If then thee list my offred grace to use,
Take what thou please of all this surplusage;        160
If thee list not, leave have thou to refuse:
But thing refused doe not afterward accuse.’
  ‘Me list not’ (said the Elfin knight) ‘receave
Thing offred, till I know it well be gott;
Ne wote I but thou didst these goods bereave        165
From rightfull owner by unrighteous lott,
Or that bloodguiltinesse or guile them blott.’
‘Perdy,’ (quoth he) ‘yet never eie did vew,
Ne tong did tell, ne hand these handled not;
But safe I have them kept in secret mew        170
From hevens sight, and powre of al which them poursew.’
  ‘What secret place’ (quoth he) ‘can safely hold
So huge a masse, and hide from heaven’s eie?
Or where hast thou thy wonne, that so much gold
Thou canst preserve from wrong and robbery?’        175
‘Come thou,’ (quoth he) ‘and see.’ So by and by
Through that thick covert he him led, and fownd
A darkesome way, which no man could descry,
That deep descended through the hollow grownd,
And was with dread and horror compassed arownd.        180
  At length they came into a larger space,
That stretcht itselfe into an ample playne;
Through which a beaten broad high way did trace,
That streight did lead to Plutoes griesly rayne.

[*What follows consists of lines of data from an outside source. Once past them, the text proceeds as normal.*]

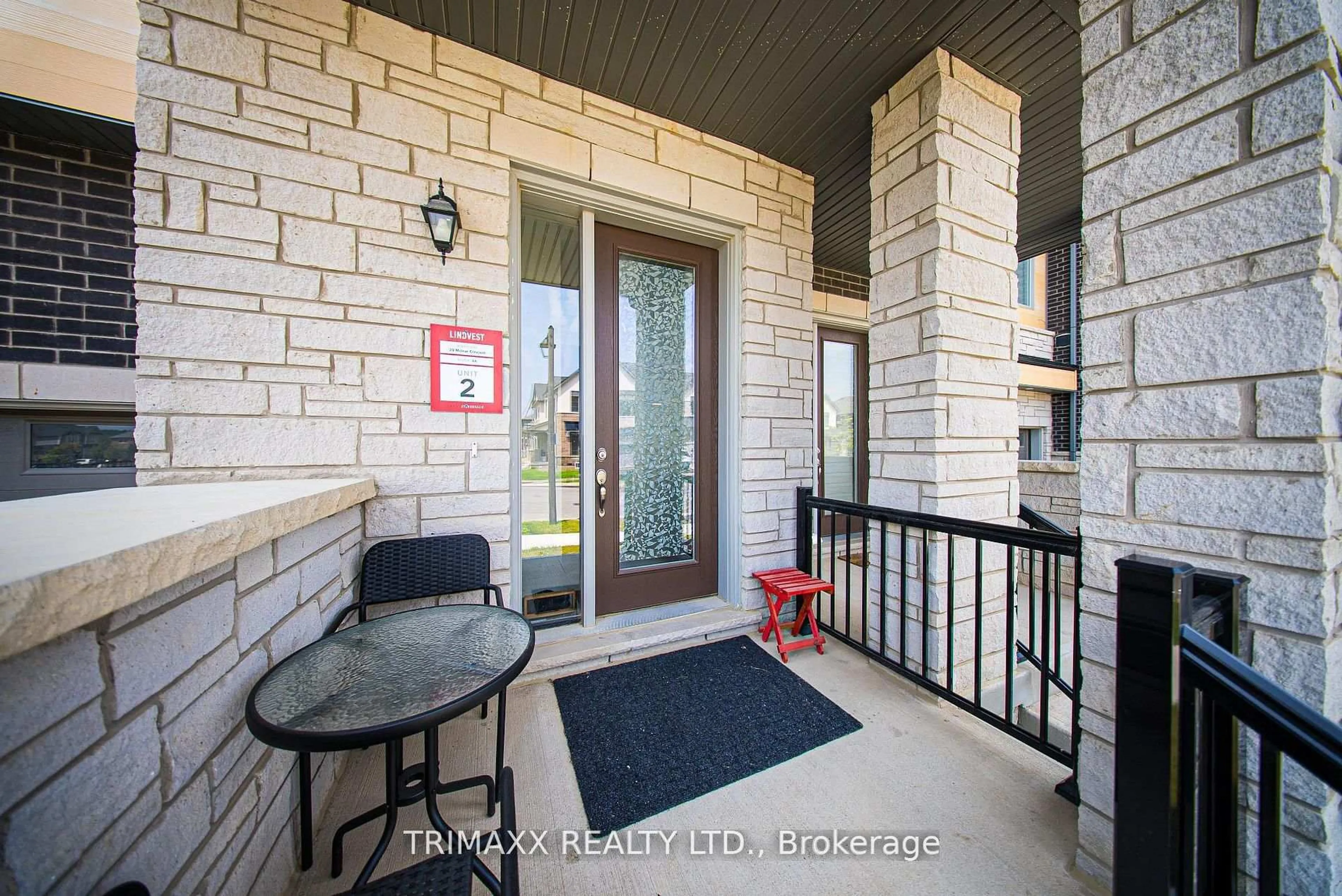 Indoor entryway for 19 Molnar Cres, Brantford Ontario N3T 0X3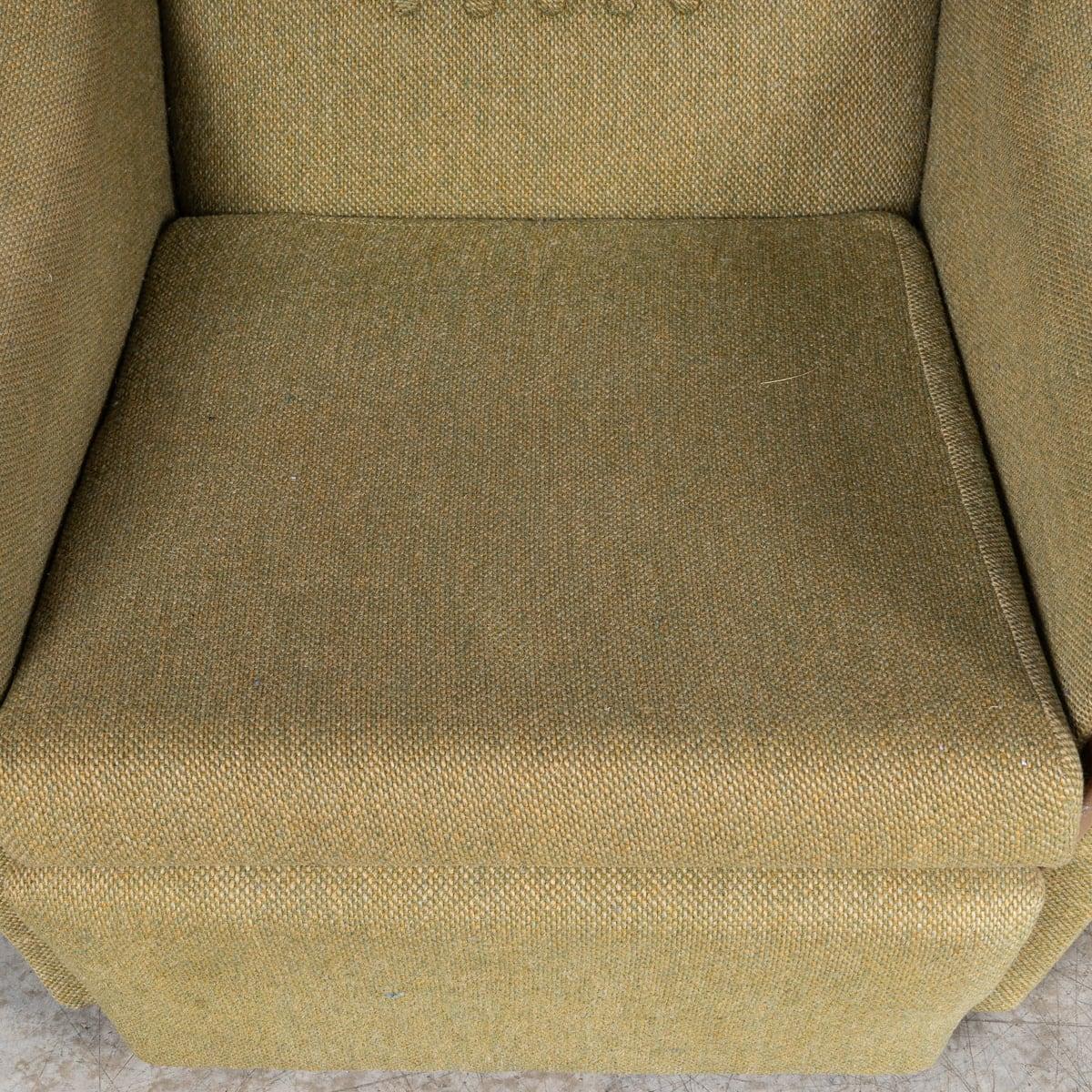 Paire de fauteuils anglais vintage du 20ème siècle tapissés vert olive, vers 1960 en vente 3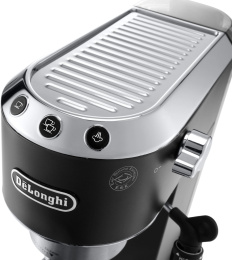 Кофеварка рожковая Delonghi EC685.BK 1350Вт черный 0132106140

By that wayes side there sate internall Payne,        185
And fast beside him sat tumultuous Strife:
The one in hand an yron whip did strayne,
The other brandished a bloody knife;
And both did gnash their teeth, and both did threten life.
  On thother side in one consort there sate        190
Cruell Revenge, and rancorous Despight,
Disloyall Treason, and hart-burning Hate;
But gnawing Gealosy, out of their sight
Sitting alone, his bitter lips did bight;
And trembling Feare still to and fro did fly,        195
And found no place wher safe he shroud him might:
Lamenting Sorrow did in darknes lye,
And Shame his ugly face did hide from living eye.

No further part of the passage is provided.